Look through the data below and output, unchanged, every line from the one holding "Used 2024 Tesla" through the one holding "AVIGNON IM 744", inclusive. Skip the pictures.

══ DATASET RECORDS

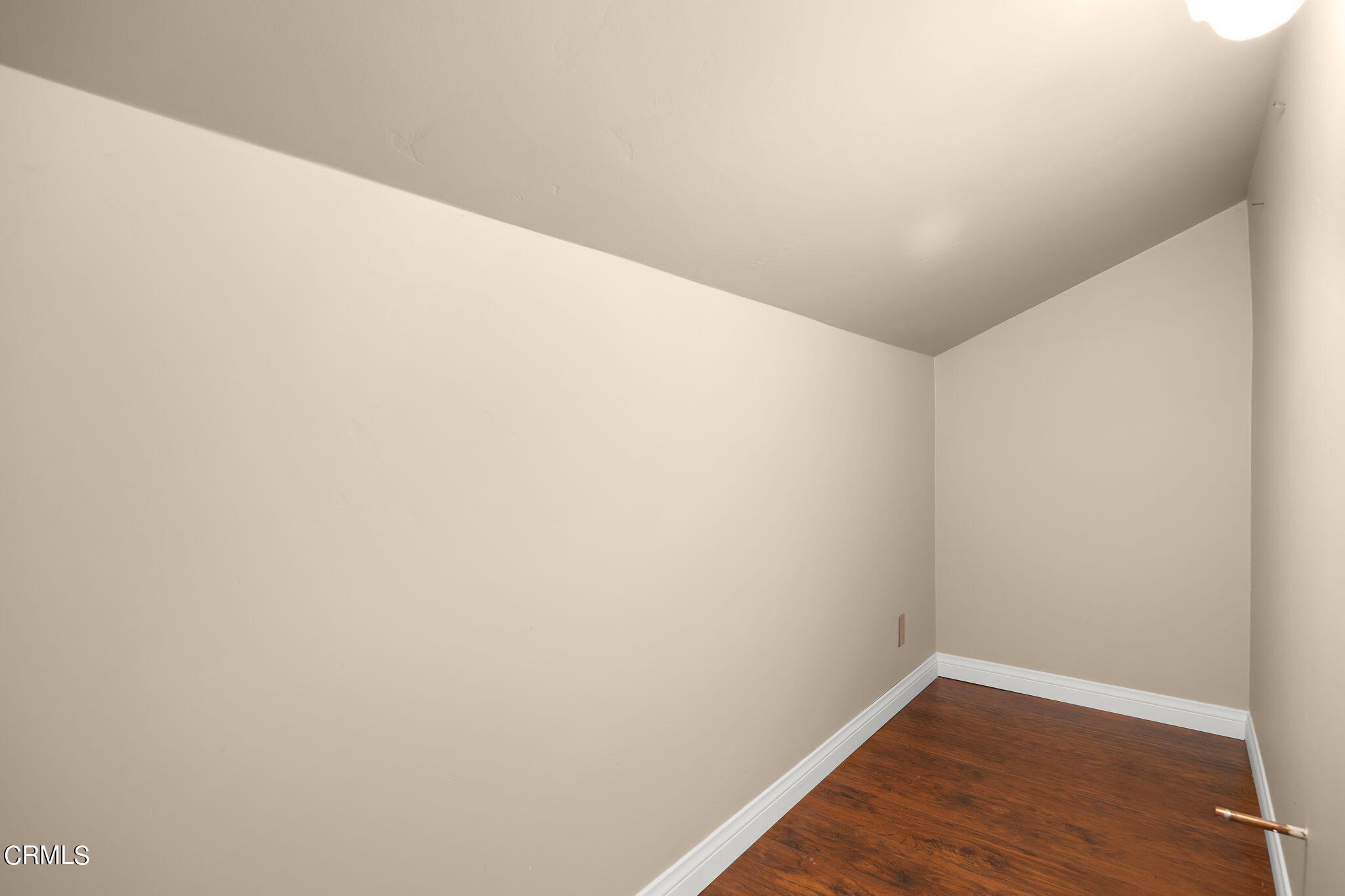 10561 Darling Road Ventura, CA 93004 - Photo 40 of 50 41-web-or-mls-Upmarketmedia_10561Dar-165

════
══ DATASET RECORDS

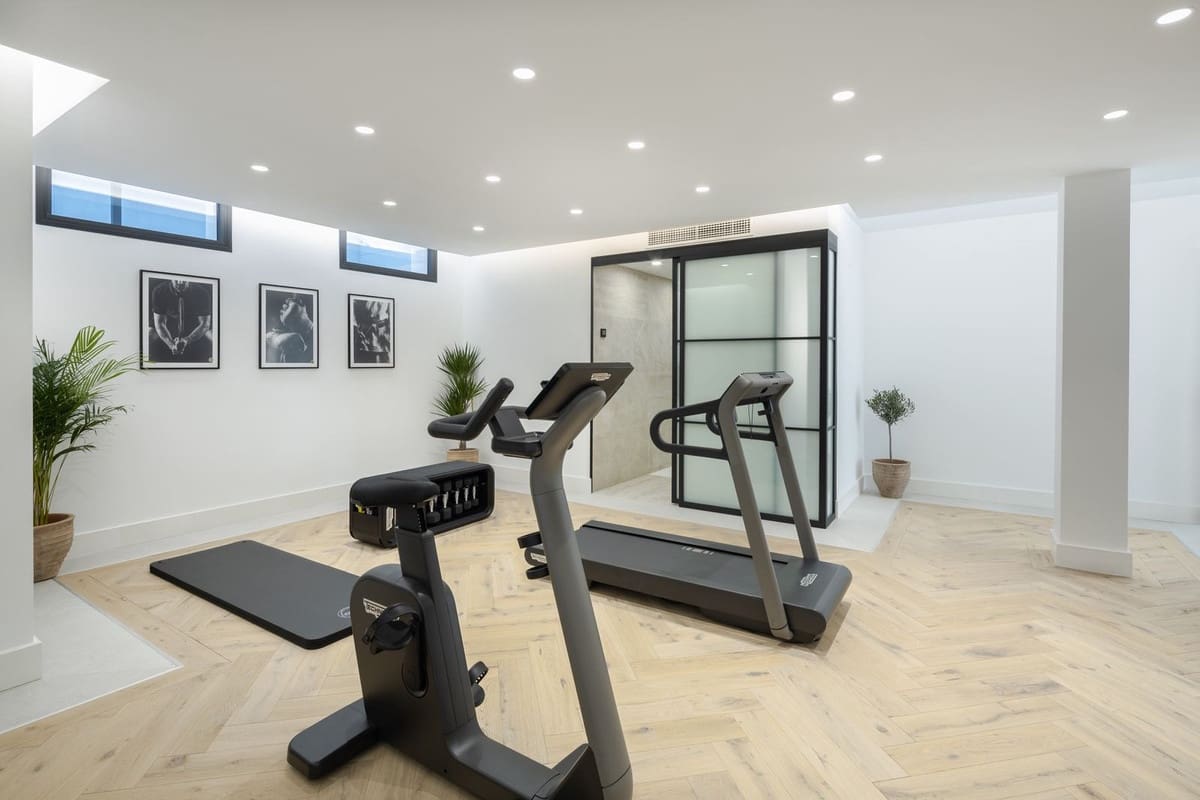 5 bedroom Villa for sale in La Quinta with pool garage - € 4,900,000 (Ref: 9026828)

════
══ DATASET RECORDS

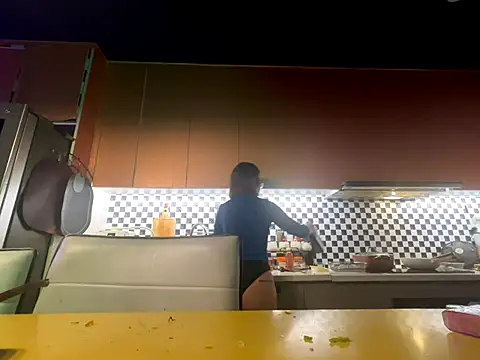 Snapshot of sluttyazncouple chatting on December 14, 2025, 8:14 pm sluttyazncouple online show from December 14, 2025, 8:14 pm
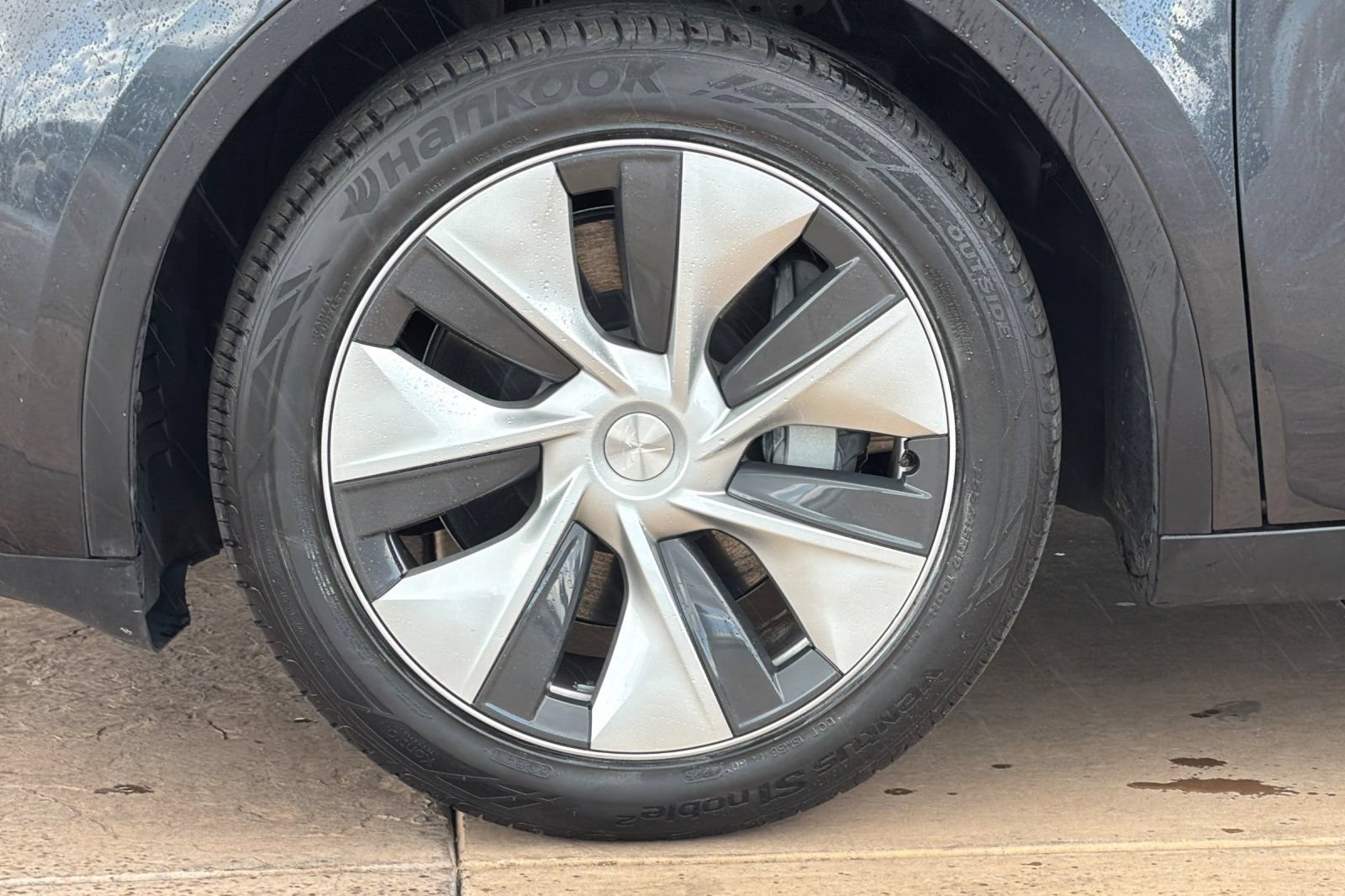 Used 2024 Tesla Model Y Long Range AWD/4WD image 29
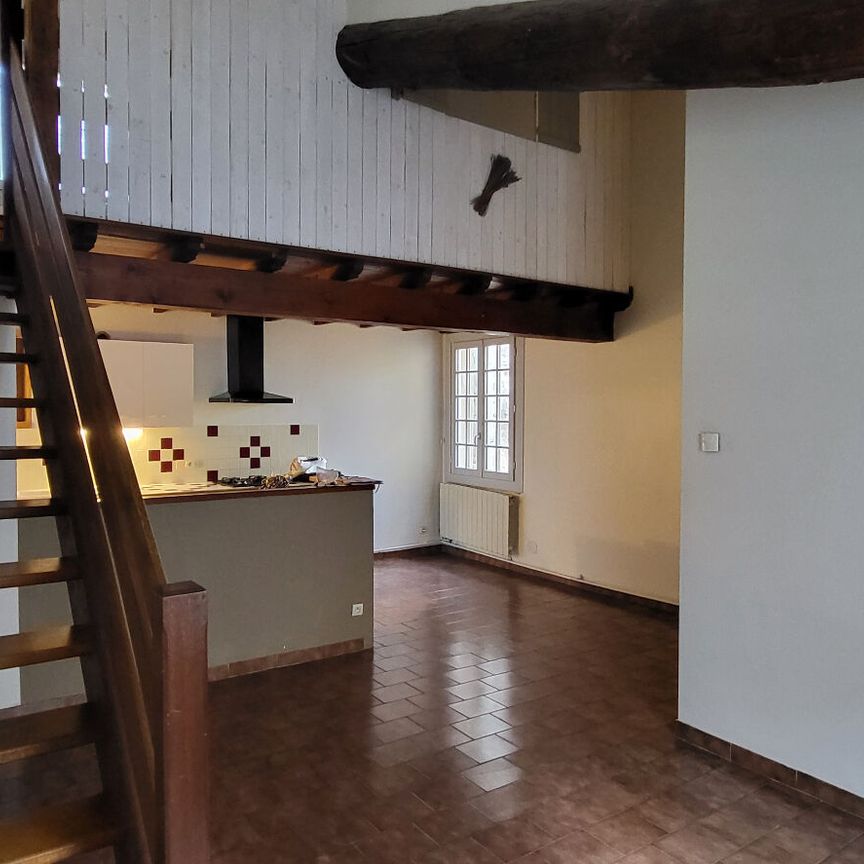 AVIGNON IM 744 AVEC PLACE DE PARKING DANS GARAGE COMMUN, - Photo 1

════

YOUR SOLUTION
 Used 2024 Tesla Model Y Long Range AWD/4WD image 29
 AVIGNON IM 744 AVEC PLACE DE PARKING DANS GARAGE COMMUN, - Photo 1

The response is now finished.